Tout endroit destiné à la détente doit comporter des lacs artistement nichés dans le paysage. Mais il n’est pas facile de transformer d’anciens puits de mine en plans d’eau pour la natation et les sports nautiques. Avant que n’apparaissent des formes plus complexes de vie végétale et animale, les lacs sont envahis par les pionniers des plantes microscopiques que sont les algues. Ensuite, les rives sont encadrées de roseaux, de typhas, de joncs, d’épis d’eau et de nénuphars. Vient alors la vie animale ; des puces d’eau, des moules d’étang et d’autres créatures qui, à leur tour, serviront de nourriture aux poissons qu’on déversera dans les lacs.
La présence de ces plans d’eau a même contribué à une plus grande variété de la gent ailée. Divers oiseaux aquatiques qui n’existaient pas ici avant l’exploitation du lignite y ont élu domicile. Avant peu, cette nouvelle forêt était peuplée de plusieurs espèces d’oiseaux chanteurs qu’il est si agréable d’écouter par une matinée de printemps. Eux aussi contribuent à la préservation de la forêt en évitant une multiplication trop rapide des insectes. Mais ces derniers ont également leur rôle à jouer, s’ils sont contrôlés, dans l’édification et le maintien d’une forêt.
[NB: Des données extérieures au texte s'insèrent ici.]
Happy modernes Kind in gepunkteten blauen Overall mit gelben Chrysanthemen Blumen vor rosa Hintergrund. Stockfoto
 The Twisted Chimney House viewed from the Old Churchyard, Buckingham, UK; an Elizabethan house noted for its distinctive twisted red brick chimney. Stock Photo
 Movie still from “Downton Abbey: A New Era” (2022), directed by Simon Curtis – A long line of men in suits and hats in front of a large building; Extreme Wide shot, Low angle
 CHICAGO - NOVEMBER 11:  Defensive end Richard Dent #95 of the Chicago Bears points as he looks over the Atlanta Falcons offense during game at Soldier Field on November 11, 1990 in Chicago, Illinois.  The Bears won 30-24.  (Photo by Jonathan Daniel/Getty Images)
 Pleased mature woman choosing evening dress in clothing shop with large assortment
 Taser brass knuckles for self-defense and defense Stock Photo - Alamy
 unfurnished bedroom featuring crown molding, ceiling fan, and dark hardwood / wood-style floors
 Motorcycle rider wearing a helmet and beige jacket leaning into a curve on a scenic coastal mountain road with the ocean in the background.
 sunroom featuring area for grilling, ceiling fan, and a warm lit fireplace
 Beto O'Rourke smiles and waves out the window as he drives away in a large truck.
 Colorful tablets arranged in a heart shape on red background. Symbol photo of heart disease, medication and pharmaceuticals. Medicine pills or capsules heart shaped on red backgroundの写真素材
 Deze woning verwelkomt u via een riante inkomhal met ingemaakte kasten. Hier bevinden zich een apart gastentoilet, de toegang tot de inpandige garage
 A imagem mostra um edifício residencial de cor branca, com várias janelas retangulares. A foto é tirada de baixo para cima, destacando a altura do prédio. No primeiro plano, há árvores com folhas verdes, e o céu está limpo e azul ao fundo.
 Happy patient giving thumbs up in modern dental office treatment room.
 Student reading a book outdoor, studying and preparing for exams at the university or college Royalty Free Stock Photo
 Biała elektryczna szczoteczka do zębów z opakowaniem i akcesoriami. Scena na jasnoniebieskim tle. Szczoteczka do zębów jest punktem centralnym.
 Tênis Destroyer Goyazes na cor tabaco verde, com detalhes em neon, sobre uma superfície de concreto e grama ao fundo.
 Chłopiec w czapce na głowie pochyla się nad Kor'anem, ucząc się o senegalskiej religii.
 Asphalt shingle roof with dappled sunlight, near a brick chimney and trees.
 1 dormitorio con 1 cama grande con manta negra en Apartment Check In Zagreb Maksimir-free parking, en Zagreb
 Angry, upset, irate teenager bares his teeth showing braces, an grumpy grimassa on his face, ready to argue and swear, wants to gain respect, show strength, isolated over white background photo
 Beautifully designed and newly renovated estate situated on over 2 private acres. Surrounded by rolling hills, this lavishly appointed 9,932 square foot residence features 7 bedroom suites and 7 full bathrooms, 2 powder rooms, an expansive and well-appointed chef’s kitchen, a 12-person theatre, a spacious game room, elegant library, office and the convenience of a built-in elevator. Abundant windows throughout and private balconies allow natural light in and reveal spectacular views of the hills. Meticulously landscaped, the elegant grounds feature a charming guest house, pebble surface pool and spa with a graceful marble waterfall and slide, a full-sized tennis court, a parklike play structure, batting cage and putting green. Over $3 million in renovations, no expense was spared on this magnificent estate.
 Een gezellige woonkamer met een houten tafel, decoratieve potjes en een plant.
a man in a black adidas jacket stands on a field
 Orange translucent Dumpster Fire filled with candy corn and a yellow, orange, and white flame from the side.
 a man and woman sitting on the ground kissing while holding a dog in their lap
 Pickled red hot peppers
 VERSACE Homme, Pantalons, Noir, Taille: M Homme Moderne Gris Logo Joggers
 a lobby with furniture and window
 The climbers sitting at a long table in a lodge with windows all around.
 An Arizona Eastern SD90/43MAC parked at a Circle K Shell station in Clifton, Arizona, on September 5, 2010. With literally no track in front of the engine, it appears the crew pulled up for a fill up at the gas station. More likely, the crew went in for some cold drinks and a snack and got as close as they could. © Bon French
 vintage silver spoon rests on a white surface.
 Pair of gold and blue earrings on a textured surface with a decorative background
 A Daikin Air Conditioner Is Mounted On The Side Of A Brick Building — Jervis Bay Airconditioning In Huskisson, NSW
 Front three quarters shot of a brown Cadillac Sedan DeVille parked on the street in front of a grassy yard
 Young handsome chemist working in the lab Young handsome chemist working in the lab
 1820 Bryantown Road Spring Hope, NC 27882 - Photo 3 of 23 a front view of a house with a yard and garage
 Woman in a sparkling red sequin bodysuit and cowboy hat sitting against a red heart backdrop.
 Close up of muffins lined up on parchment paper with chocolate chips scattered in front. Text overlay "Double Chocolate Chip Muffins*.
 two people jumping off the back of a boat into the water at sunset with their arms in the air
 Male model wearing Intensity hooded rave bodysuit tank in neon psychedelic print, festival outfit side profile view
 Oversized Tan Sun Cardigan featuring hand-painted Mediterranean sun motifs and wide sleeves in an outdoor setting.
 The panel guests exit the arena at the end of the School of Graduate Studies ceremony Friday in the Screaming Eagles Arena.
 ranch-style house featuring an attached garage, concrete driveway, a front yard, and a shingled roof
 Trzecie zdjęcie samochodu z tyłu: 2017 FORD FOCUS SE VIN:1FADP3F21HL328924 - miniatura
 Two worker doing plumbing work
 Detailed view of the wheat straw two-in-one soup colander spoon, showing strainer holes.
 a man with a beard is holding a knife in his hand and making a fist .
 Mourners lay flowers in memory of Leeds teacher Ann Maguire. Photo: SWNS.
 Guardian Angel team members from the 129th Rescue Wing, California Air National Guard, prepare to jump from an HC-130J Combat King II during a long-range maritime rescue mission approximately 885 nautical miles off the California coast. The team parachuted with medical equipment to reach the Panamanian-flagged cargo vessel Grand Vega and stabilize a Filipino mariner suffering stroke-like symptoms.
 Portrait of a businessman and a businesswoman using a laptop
Vous seriez surpris de la quantité de formes de vie que vous pourriez trouver dans une pelletée de terre de la forêt. Le livre précité, La forêt, en parle comme du “monde caché du sol”. Il raconte que des hommes de science ont examiné le sol de la forêt sur une profondeur de 2,5 cm seulement. Qu’ont-ils trouvé ? “Sur 90 centimètres carrés, il y avait 1 356 créatures vivantes, y compris 865 mites, 265 podures, 22 mille-pattes, 19 coléoptères adultes et un certain nombre de 12 autres formes. Si l’on avait fait une estimation de la population microscopique, on serait peut-être arrivé à deux milliards de bactéries et à plusieurs millions de champignons, de protozoaires et d’algues — tout cela dans une cuillerée à café de terre.” — Pages 131, 132.
Quelle est l’utilité de ces formes de vie dans l’édification d’une forêt ? Sans elles, le sol ne serait pas aussi productif. La taupe, le hérisson et la musaraigne, si utile, contribuent à l’équilibre écologique en se nourrissant d’insectes. Vous les auriez cherchés en vain sur les terrils laissés par l’exploitation minière, mais ici, dans la forêt, ils se sentent bien chez eux.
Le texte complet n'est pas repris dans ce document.